Time-dependent spherically symmetric covariant Galileons

TL;DR

This paper investigates spherically symmetric solutions in the cubic covariant Galileon model, revealing how cosmological evolution influences local scalar fields, affects stability, and induces damping of scalar perturbations.

Contribution

It demonstrates the impact of cosmological time evolution on local Galileon solutions, including matter-scalar coupling, stability analysis, and perturbation damping in curved spacetime.

Findings

Different asymptotic boundary conditions lead to distinct solution branches.

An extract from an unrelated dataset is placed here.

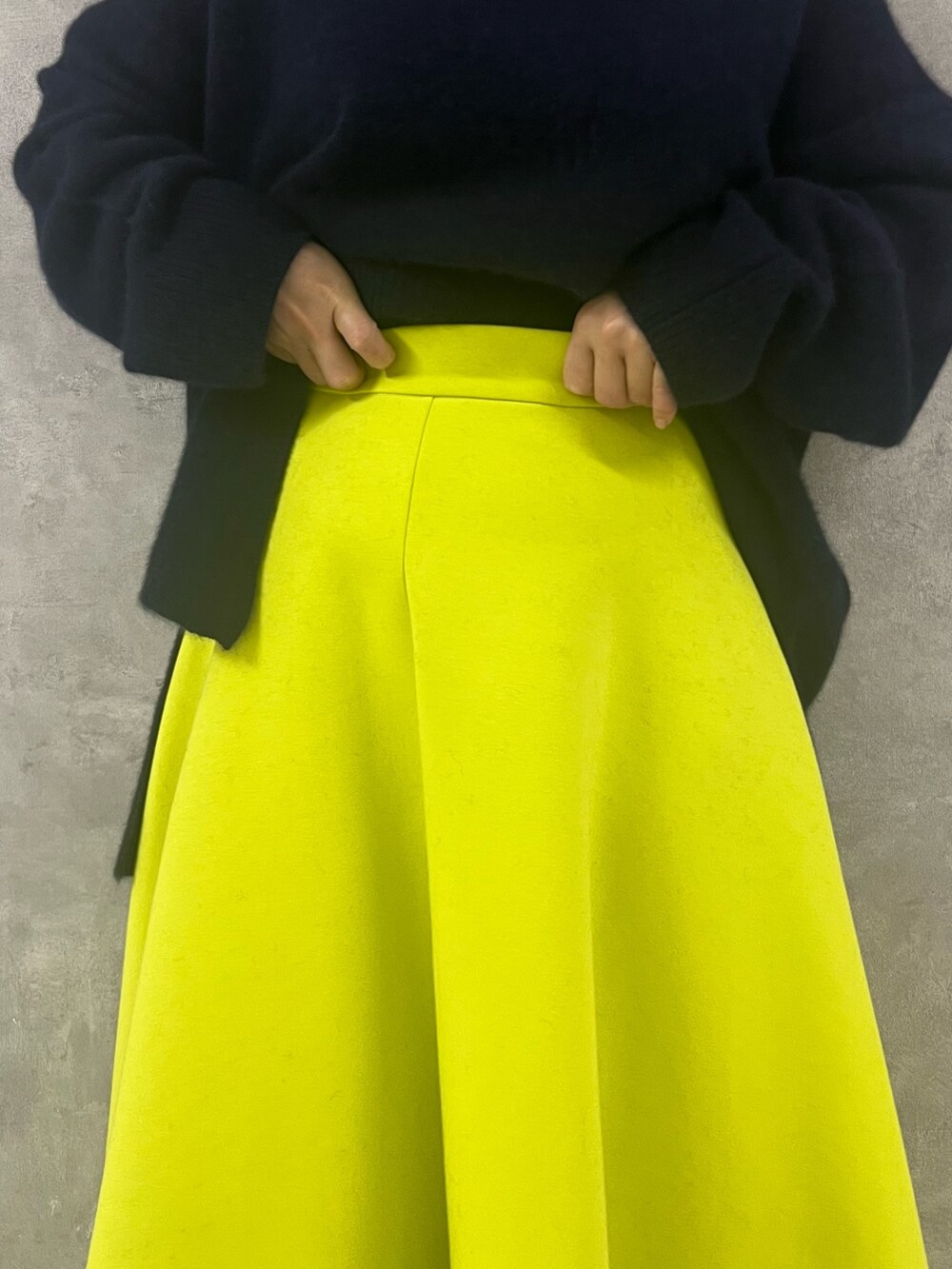 ブルー系のニット/セーター、ベージュ系のハンドバッグ、イエロー系のスカートを着用したレディースの秋コーディネートの6枚目の写真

Cosmological evolution induces matter-scalar coupling via kinetic braiding.

Scalar perturbations experience efficient damping due to kinetic mixing with gravity.

Abstract

We study spherically symmetric solutions of the cubic covariant Galileon model in curved spacetime in presence of a matter source, in the test scalar field approximation. We show that a cosmological time evolution of the Galileon field gives rise to an induced matter-scalar coupling, due to the Galileon-graviton kinetic braiding, therefore the solution for the Galileon field is non trivial even if the bare matter-scalar coupling constant is set to zero. The local solution crucially depends on the asymptotic boundary conditions, and in particular, Minkowski and de Sitter asymptotics correspond to different branches of the solution. We study the stability of these solutions, namely, the well-posedness of the Cauchy problem and the positivity of energy for scalar and tensor perturbations, by diagonalizing the kinetic terms of the spin-2 and spin-0 degrees of freedom. In addition, we find that in presence of a cosmological time evolution of the Galileon field, its kinetic mixing with the graviton leads to a friction force, resulting to efficient damping of scalar perturbations within matter.